Open rafa-be opened 2 weeks ago

rafa-be commented 2 weeks ago

When a task gets suspended, it is prevented from running by a SIGSTOP signal.

If the task is running a Scaler client, that will prevent it from sending heartbeats to the scheduler. If suspended for long enough, the client will raise either a TimeoutError or ClientQuitException exception (if the timeout is first triggered at the client or scheduler side).

The (currently disabled) test_no_timeout_if_suspended test reproduces this issue.
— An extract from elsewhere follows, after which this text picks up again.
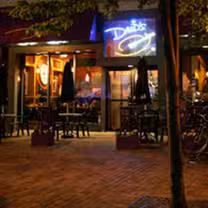 A photo of David's Restaurant restaurant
One way to solve this problem is to disable the client heartbeat mechanism when the client is running inside a worker. That raises a few changes:

rafa-be commented 12 hours ago

One way to prevent the processor thread to do any computation is to setup a signal handler that waits on a condition variable:

import multiprocessing
import os
import time
import signal

def process_2(condition):
    def signal_handler(sig, frame):
        if sig == signal.SIGUSR1:
            print(f"Process 2 received signal, wait on condition variable.")
            with condition:
                condition.wait()
            print("Process 2 stopped waiting on condition variable")

    signal.signal(signal.SIGUSR1, signal_handler)

    while True:
        print("Process 2 is doing a computation...")
        time.sleep(1)

if __name__ == '__main__':
    condition = multiprocessing.Condition()

    p2 = multiprocessing.Process(target=process_2, args=(condition,))
    p2.start()

    time.sleep(5)

    print(f"Process 1 sending SIGUSR1 to Process 2 (PID {p2.pid})")
    os.kill(p2.pid, signal.SIGUSR1)

    time.sleep(5)  # Wait a bit before notifying the condition variable

    print("Process 1 notifying the condition variable.")
    with condition:
        condition.notify()

    # Wait for Process 2 to finish
    p2.join()
Process 2 is doing a computation...
Process 2 is doing a computation...
Process 2 is doing a computation...
Process 2 is doing a computation...
Process 2 is doing a computation...
Process 1 sending SIGUSR1 to Process 2 (PID 84341)
Process 2 received signal, wait on condition variable.
Process 1 notifying the condition variable.
Process 2 stopped waiting on condition variable
Process 2 is doing a computation...
Process 2 is doing a computation...
Process 2 is doing a computation...
[..]

This only blocks the main thread, and will not prevent any client or 0mq thread to execute.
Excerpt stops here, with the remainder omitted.